After the commencement of the action and the levy of the attaphment, .plaintiff advertised, and sold at foreclosure sale, a portion of the property included in the chattel mortgage, and applied the proceeds on one of the notes in suit; and counsel for defendant contends that an attachment cannot be maintained in behalf of a creditor whose claim is thus secured, and who has foreclosed his mortgage after the seizure of the property under an attachment. It seems that defendant had placed a large portion of the mortgaged property beyond the immediate reach of the plaintiff,1 and that the proceeds derived from what was sold were sufficient to pay but a small portion of the amount due plaintiff from defendant; and, as this court has held that a creditor whose claim is secured by chattel mortgage may attach the same and other property belonging to the debtor, it will not be necessary to give the question further consideration. William Deering & Co. v. Warren, 1 S. D. 35, 44 N. W. 1068. The amount claimed in the affidavit for an attachment was $272.60, and the proceeds of the chattel mortgage sale were $25. Counsel’s contention in favor of the position that real property cannot be attached concurrently with proceedings to foreclose the chattel mortgage is not well founded, and seems to be unsupported by the authorities. Burtis v. Bradford, 122 Mass. 129; Boone, Mortg, Sec. 277, and cases cited.

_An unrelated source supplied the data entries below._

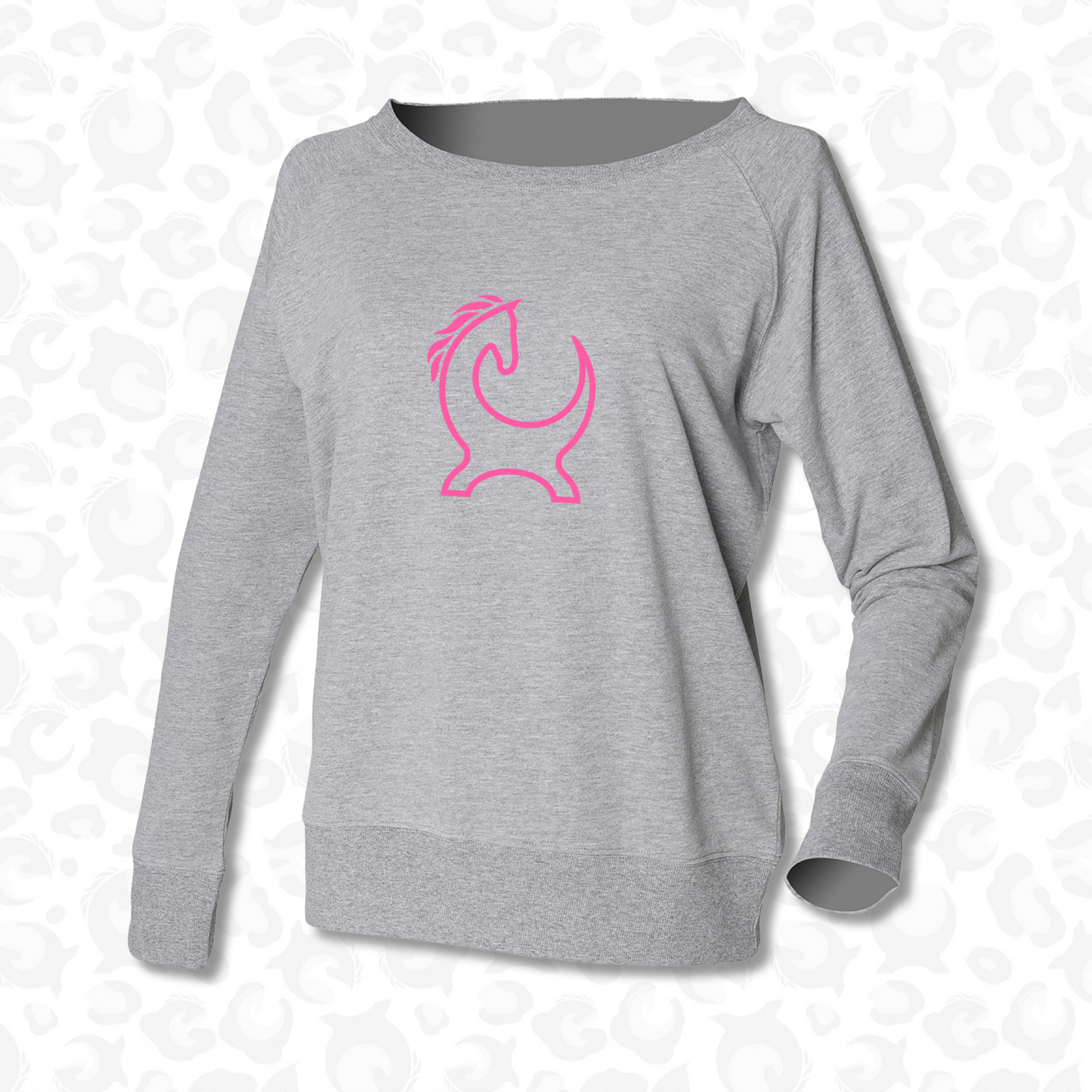 Equiboodle Brightside Slouch Sweatshirt in neon pink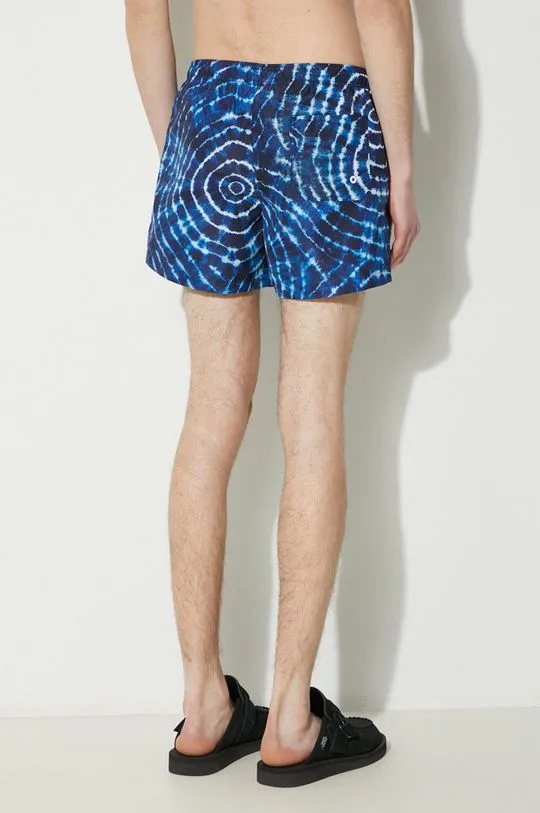 Marcelo Burlon swim shorts Aop Sound Waves Swim Short blue color CMFA003S24FAB0024501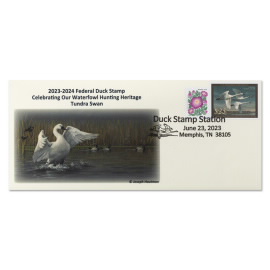 《Tundra Swans》 2023-2024 传统丝绸纪念邮戳
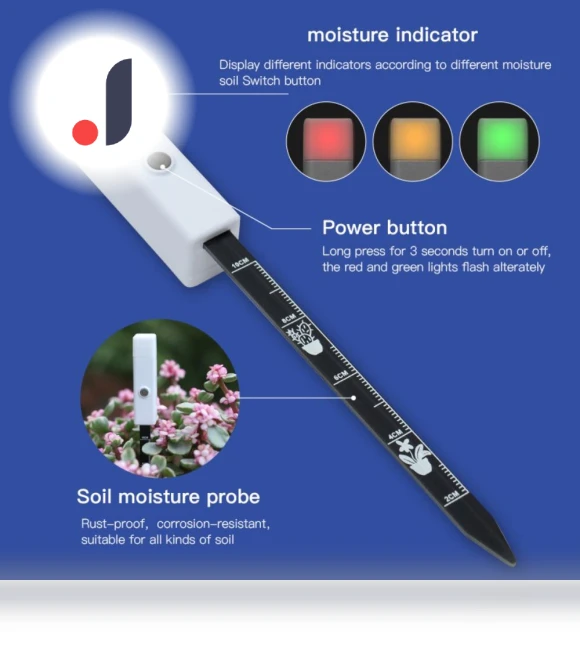 Outdoor Plants Potted Soil Moisture Meter — Moisture Detection Tools, HNyouchuang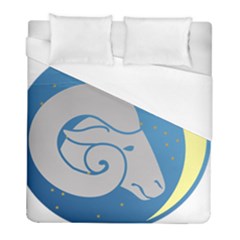 Ram Zodiac Sign Zodiac Moon Star Duvet Cover (full/ Double Size) by Nexatart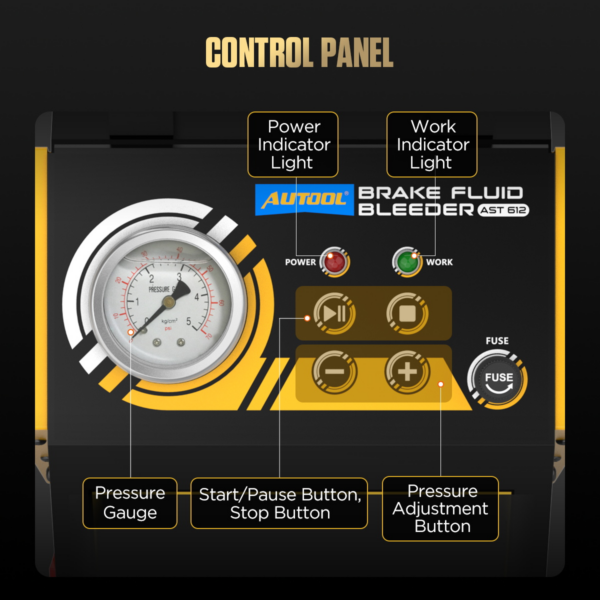 AUTOOL AST612 Pulsating Brake Fluid Bleeder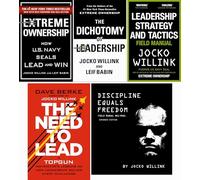 Jocko Willink (5-Book Collection Set) - Extreme Ownership; The Dichotomy of Leadership; Discipline Equals Freedom; Leadership Strategy & Tactics; Need to Lead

As the objection urged in appellant’s brief, that the land levied upon is appellant’s homestead, and therefore exempt from attachment, was not presented in the motion to discharge the attachment, and there is nothing in the record to indicate that the land, at the time of the levy, possessed any homestead characteristics we are not called upon to consider whether, in any event, upon a motion to dissolve an attachment, the homestead right may be litigated and determined, and such property be released from the levy. It would seem, however, that the seizure of property exempt under the homestead laws affords *509no ground for vacating an attachment. Davidson v. Owens, 5 Minn. 69 (Gil. 50.)

Appellant also maintains that the attachment should be dissolved because it does not sufficiently appear that respondent, who is a foreign corporation, has filed in the office of the secretary of state a copy of its charter, or appointed a resident agent, as required by section 3190, art. 20, c. 3, of the Compiled Laws; but, as that question has been settled by this court, the point will receive no consideration at this time. Wright v. Lee, 2 S. D. 596, 51 N. W. 706, and cases there cited. The order overruling the motion to dissolve the attachment is affirmed.